# Sim City 5: DLC Städte der Zukunft für 40 Euro angekündigt



## PCGH-Redaktion (20. September 2013)

Jetzt ist Ihre Meinung gefragt zu *Sim City 5: DLC Städte der Zukunft für 40 Euro angekündigt*

					Wie Electronic Arts heute bekannt gegeben hat, wird derzeit das SimCity-Erweiterungspack Städte der Zukunft entwickelt und am 14. November 2013 veröffentlicht. Publisher EA veranschlagt 40 Euro für den DLC. Damit halten die aus dem Vorgänger bekannten Arkologien Einzug in den neuen Teil, da die neuen Megatürme ähnlich funktionieren.

					[size=-2]Bitte beachten Sie: Der Kommentarbereich wird gemäß der Forenregeln moderiert. Allgemeine Fragen und Kritik zu Online-Artikeln von PC Games Hardware sind im Feedback-Unterforum zu veröffentlichen und NICHT im Kommentarthread zu einer News. Dort werden sie ohne Nachfragen entfernt. Sollten Sie Fehler in einer News finden, schicken Sie diese bitte an online@pcgameshardware.de mit einem aussagekräftigen Betreff.[/size]





			Dieser Inhalt steht nur eingeloggten Mitgliedern zur Verfügung.
        

 Zurück zum Artikel: *Sim City 5: DLC Städte der Zukunft für 40 Euro angekündigt*


----------



## Valdiralita (20. September 2013)

*AW: Sim City 5: DLC Städte der Zukunft für 40 Euro angekündigt*

Let the flame begin...


----------



## wievieluhr (20. September 2013)

*AW: Sim City 5: DLC Städte der Zukunft für 40 Euro angekündigt*

was für langnasen ..... (ich möchte niemanden Diskriminieren, nur betonen wie abartig hier mal wieder EA die Geldgier raushängen lässt)
40 Euro für ein DLC.... die haben komplett den bezug zu realität verloren....


----------



## Hansvonwurst (20. September 2013)

*AW: Sim City 5: DLC Städte der Zukunft für 40 Euro angekündigt*

Der DLC hört sich umfangreicher an als die bisherigen DLCs. Gerade die vertikale Bauweise hört sich interessant an. Allerdings wäre es mir keine 40€ wert.
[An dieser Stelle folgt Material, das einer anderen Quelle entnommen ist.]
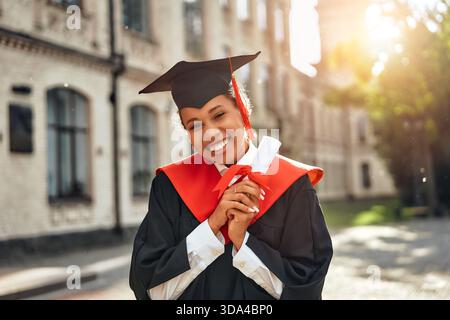 Under the bright sunshine, a young woman proudly shows her diploma in front of a magnificent university building, celebrating her academic success on Stock Photo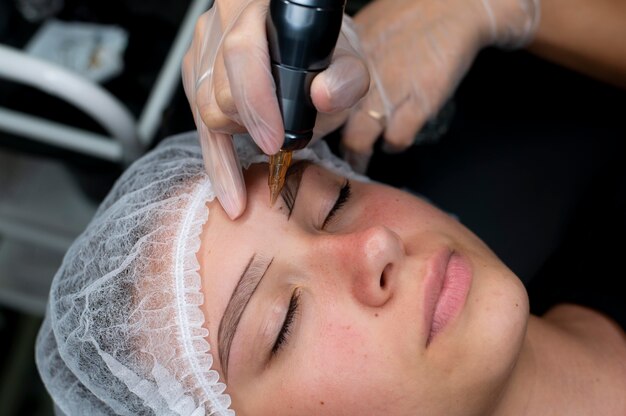 Beautician doing a microblading procedure on a woman at a beauty salon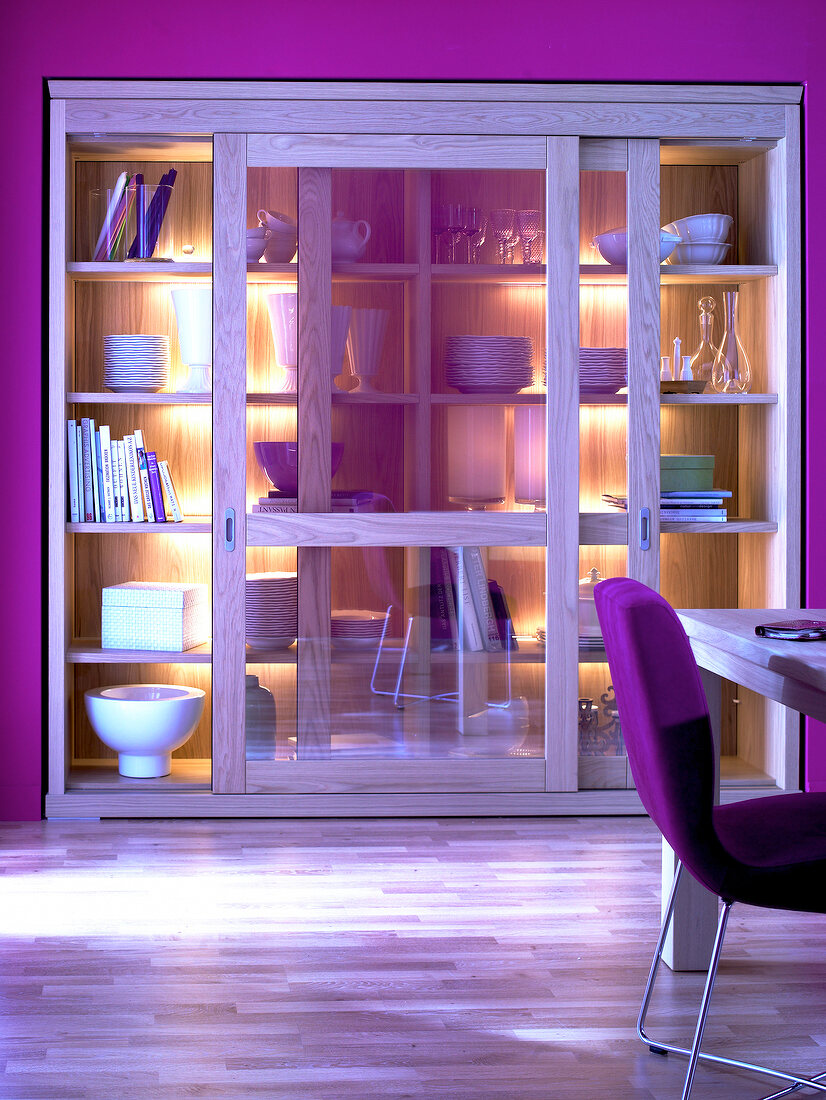 Illuminated oak wood cabinet with sliding glass doors in purple wall and chair on side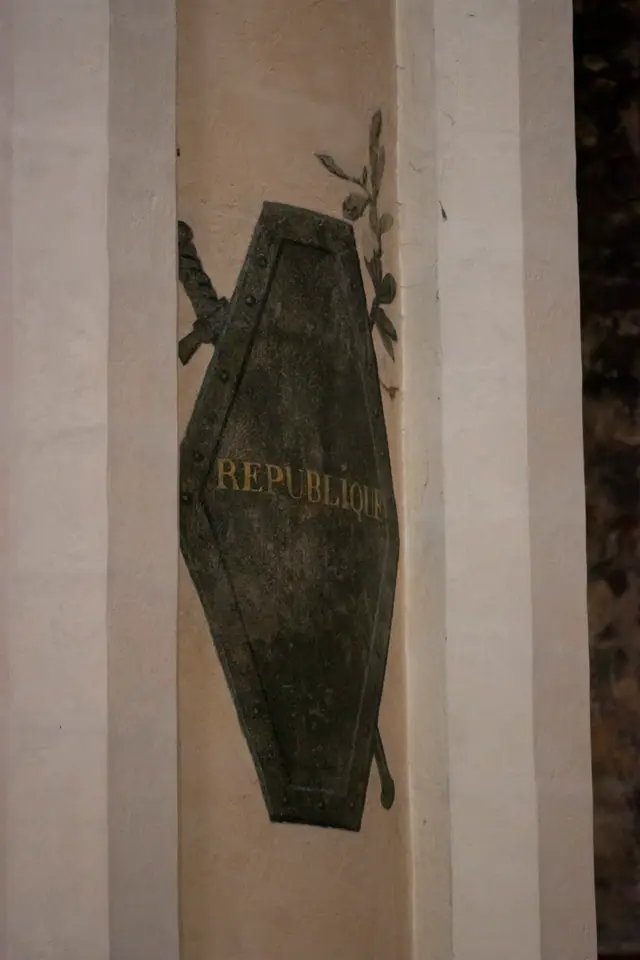 Weathered bronze plaque lettered République mounted on a pale stone wall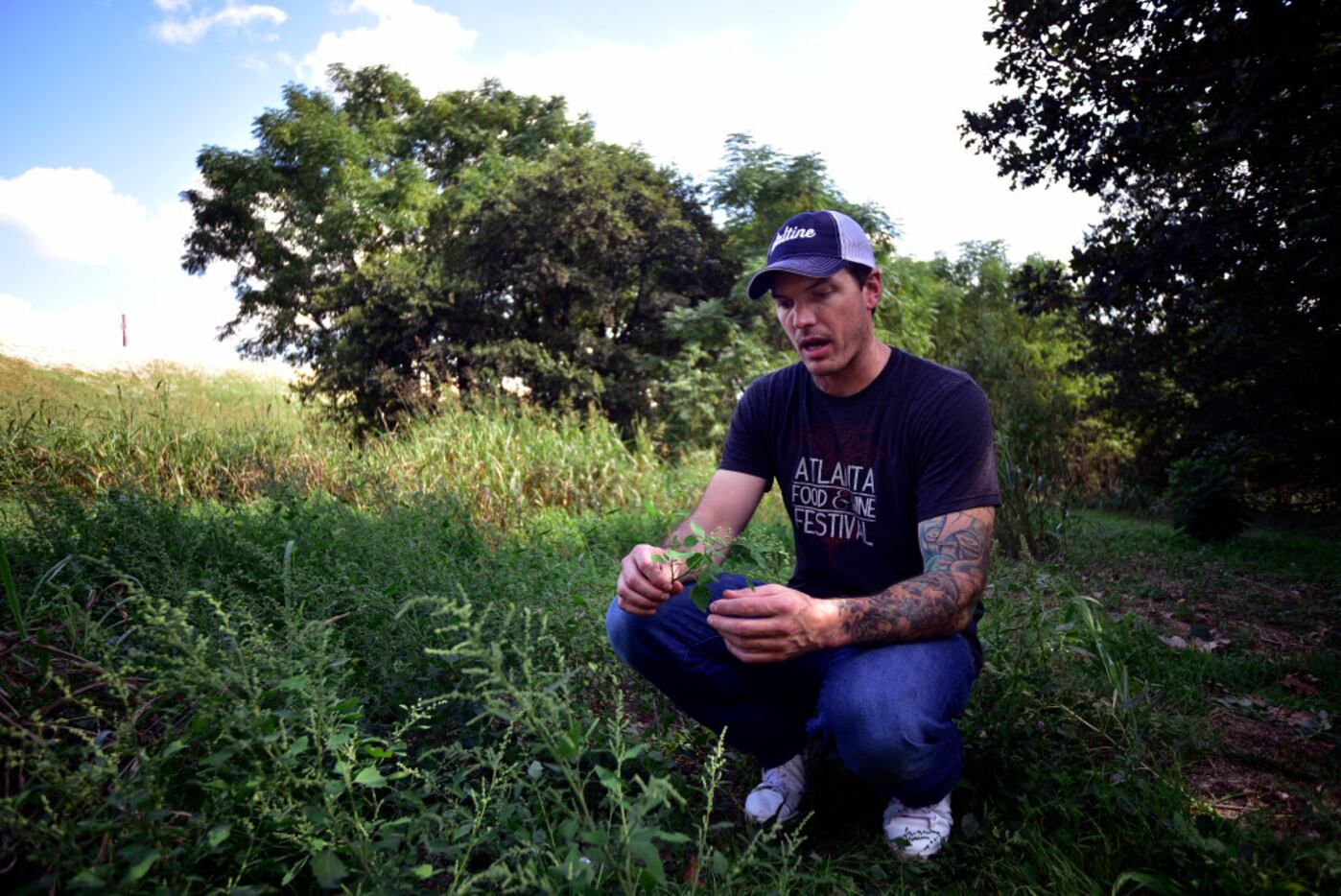Chef Matt McCallister of FT33 restaurant holds a batch of wild spinach as he walks through...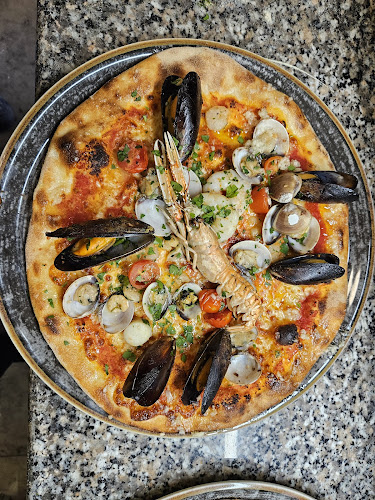 Opinii despre Osteria Pizzeria Vino e Altro im Kulturcafé în St. Andrä-Wördern - Gastronomie und Hotellerie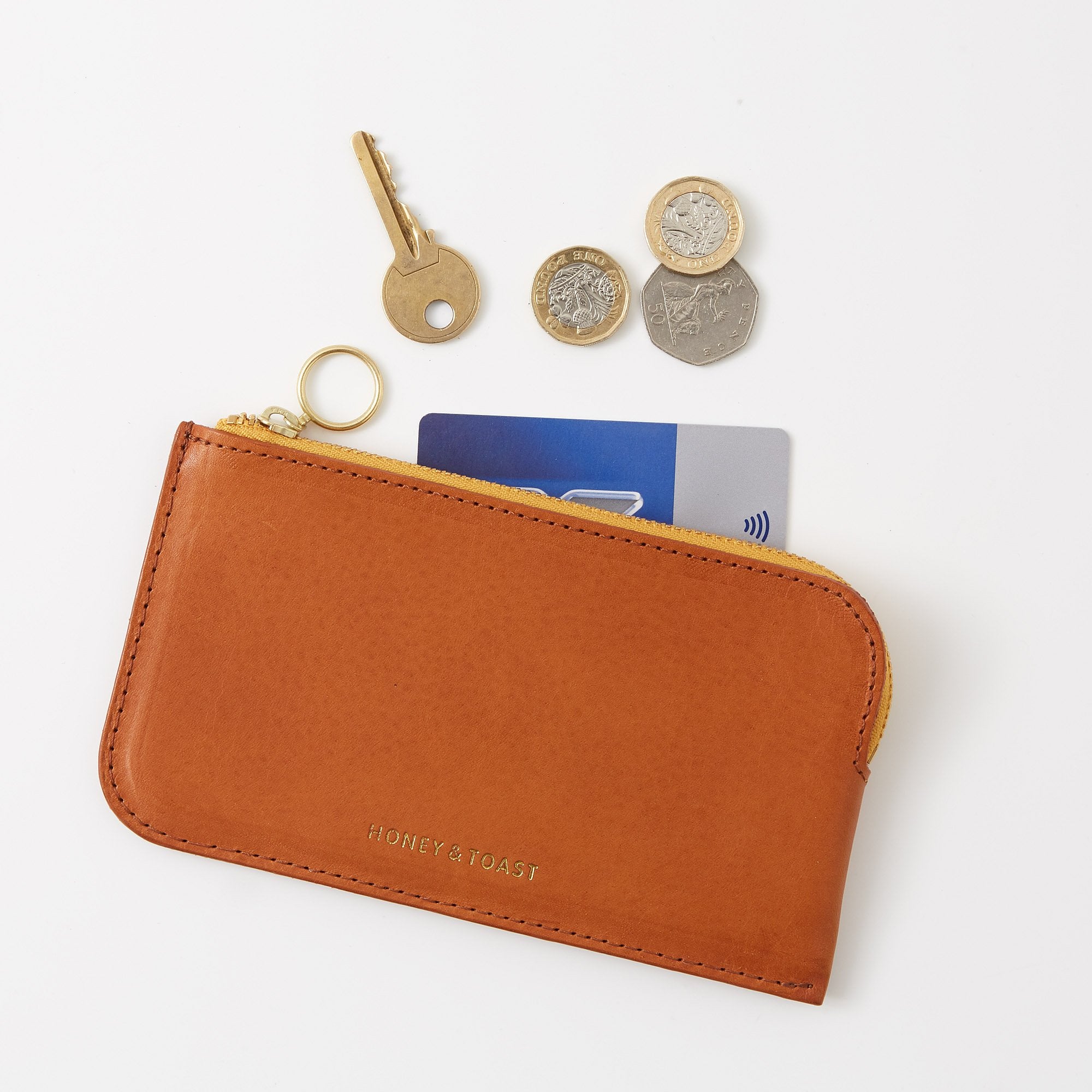 https://www.honeyandtoast.co.uk Bella zip around purse tan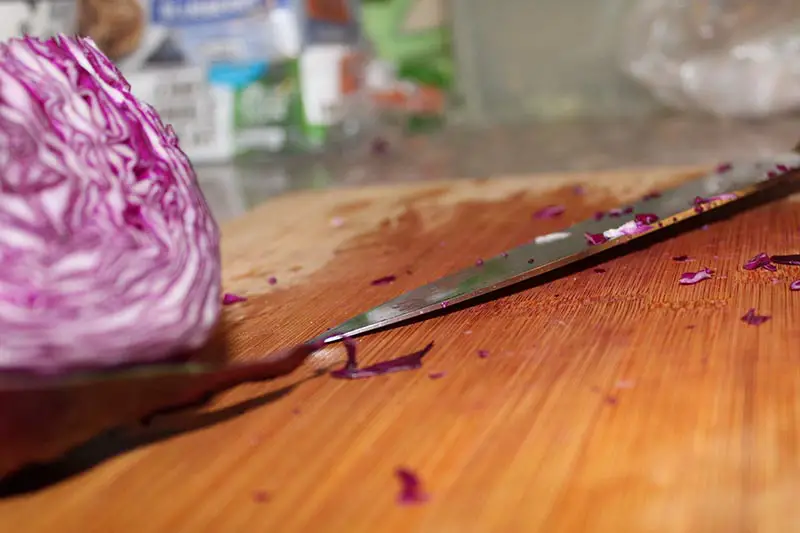 Una imagen horizontal de primer plano de la mitad de la col roja colocada sobre una tabla de cortar de madera con un cuchillo.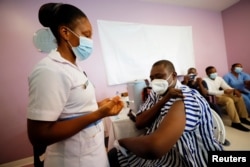 FILE - Medical officer Dr. Emmanuel Addipa-Adapoe, 42, receives a COVID-19 vaccine during the vaccination campaign at the Ridge Hospital in Accra, Ghana, March 2, 2021.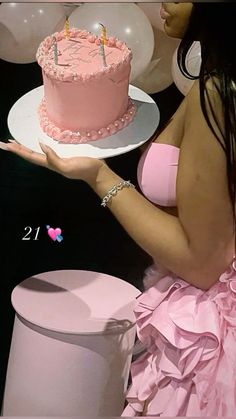 a woman in a pink dress holding a birthday cake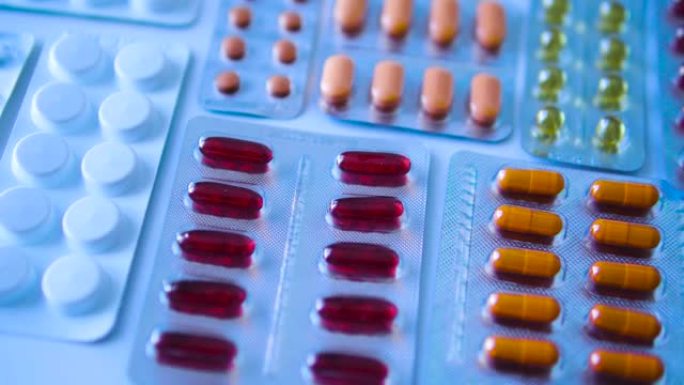 许多彩色片剂中的药物水泡躺在桌子上，大量选择抗菌，抗组胺药和抗病毒药物，为寒冷的季节做准备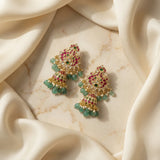 Jadau kundan peacock jhumkas with pearl drops and natural strawberry beads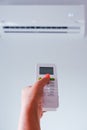 Air conditioning. A woman holds a remote control from an air conditioner in her hands. Wall mounted air conditioner unit in the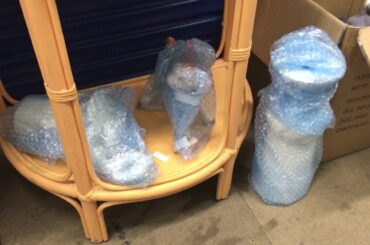 Abandoned Storage Unit of Rustic French Provincial Dining Table wall prints DVD etc at Newcomb Vic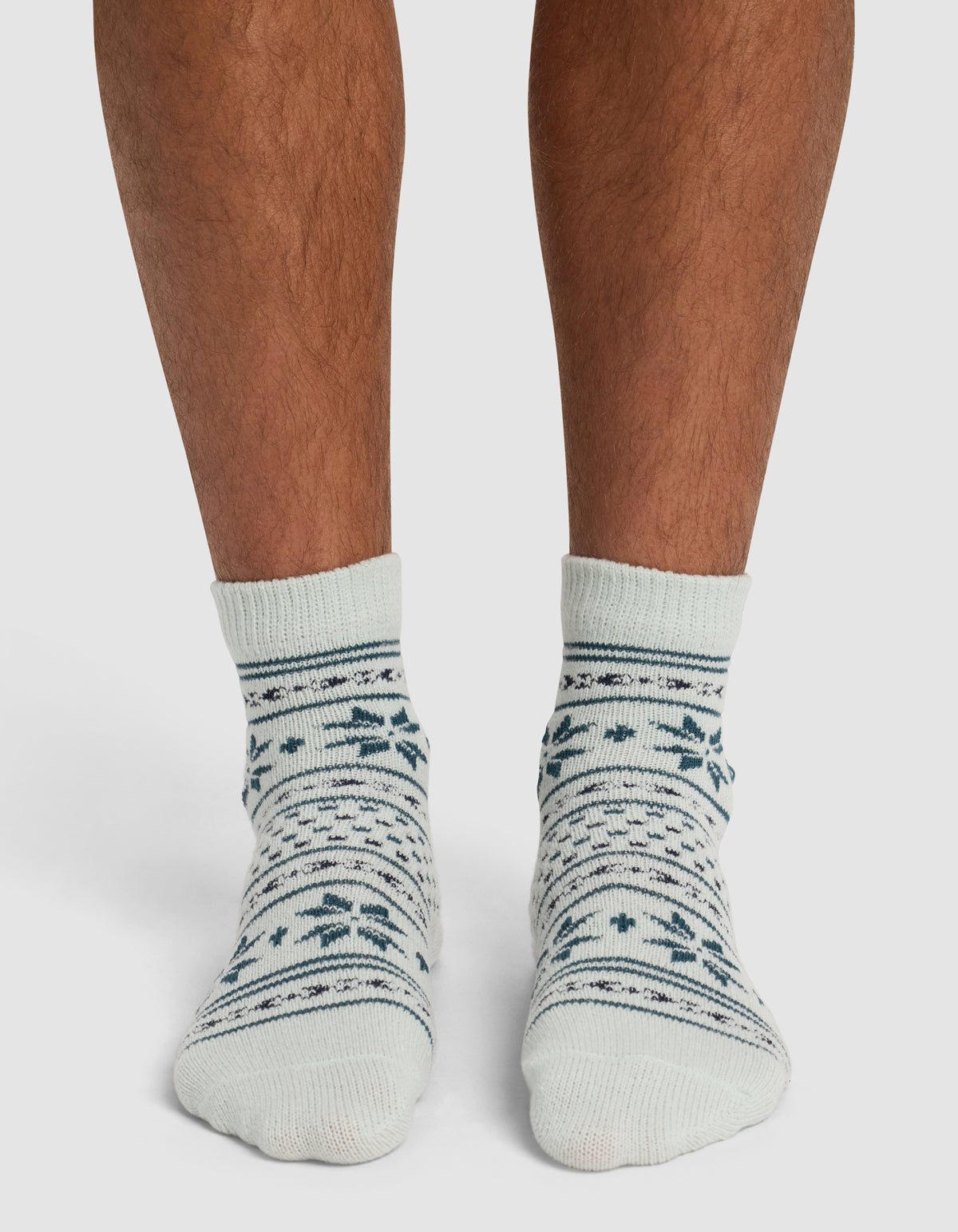 A person wearing Cozy Earth's The Snowflake Plush Modern Crew Sock—cream-colored with dark green and blue snowflake and stripe patterns—stands on a white surface.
Vielleicht wären 10-15€ angemessen.
Leider haben sie der " neues Sim City ist zu klein"-Fraktion (die ich nicht mehr hören kann) eine Steilvorlage für eine neue Flame-Welle geliefert.


----------



## Lui (20. September 2013)

*AW: Sim City 5: DLC Städte der Zukunft für 40 Euro angekündigt*

Die sollen mal mit den DLCs aufhören und endlich mal die Probleme am Grundspiel beheben -.-
Außerdem sind die Preise unter aller S...


----------



## hydroxy (20. September 2013)

*AW: Sim City 5: DLC Städte der Zukunft für 40 Euro angekündigt*

Hahaha  Ich habe das Grundspiel für 32€ gekauft und bereue jeden Cent. Aber wow, da wird ein ganzes Spiel, also die Engine, die Entwicklerwerkzeuge, die Gebäude und all die grafischen Gimmicks über Jahre geplant und programmiert, eine Marketingkampagne gestartet und man verlangt 50€ bei Release dafür und jetzt kommt für 40€ ein DLC was ein paar neue Gebäude einführt? Ich vermute mal so kann man auch versuchen Geld zu verdienen. Eine besonders kundenfreundliche (und Geldbeutelschonende) Politik ist das ja nicht gerade. Da lob ich mir (auch wenn der Vergleich ein wenig hinkt) Anet, die schaffen es mich alle 2 Wochen mit neuen tollen Inhalten zum Nulltarif zu füttern und so bin ich dann bei einem richtigen Addon auch bereit ein paar Euro dazulassen.


----------



## Freakless08 (20. September 2013)

*AW: Sim City 5: DLC Städte der Zukunft für 40 Euro angekündigt*

Tja. Wer heutzutage Spiele direkt bei Release kauft und nicht warten kann muss sich eben die DLC nachträglich kaufen.
EA wird sicherlich irgendwann eine Deluxe Edition rausbringen mit Hauptspiel + DLCs.


----------



## Tiz92 (20. September 2013)

*AW: Sim City 5: DLC Städte der Zukunft für 40 Euro angekündigt*

MIt Sim City hat EA wirklich noch einmal bewiesen wie sie sind.


----------



## Valdiralita (20. September 2013)

*AW: Sim City 5: DLC Städte der Zukunft für 40 Euro angekündigt*

Wo bleibt Sim City 5 Premium?!


----------



## Oberst Klink (20. September 2013)

*AW: Sim City 5: DLC Städte der Zukunft für 40 Euro angekündigt*

40€? Ich warte auf Sim City Gold inklusive aller DLCs und ohne Onlinezwang für 10€ in der Spielepyramide^^


----------



## boxleitnerb (20. September 2013)

*AW: Sim City 5: DLC Städte der Zukunft für 40 Euro angekündigt*

Bei jeder neuen Ankündigung freue ich mich ein bisschen mehr, mir das Spiel nicht gekauft zu haben.


----------



## Norisk699 (20. September 2013)

*AW: Sim City 5: DLC Städte der Zukunft für 40 Euro angekündigt*

WAHNSINN!

40 € für einen DLC der vielleicht schon bei Veröffentlichung hätte enthalten sein können?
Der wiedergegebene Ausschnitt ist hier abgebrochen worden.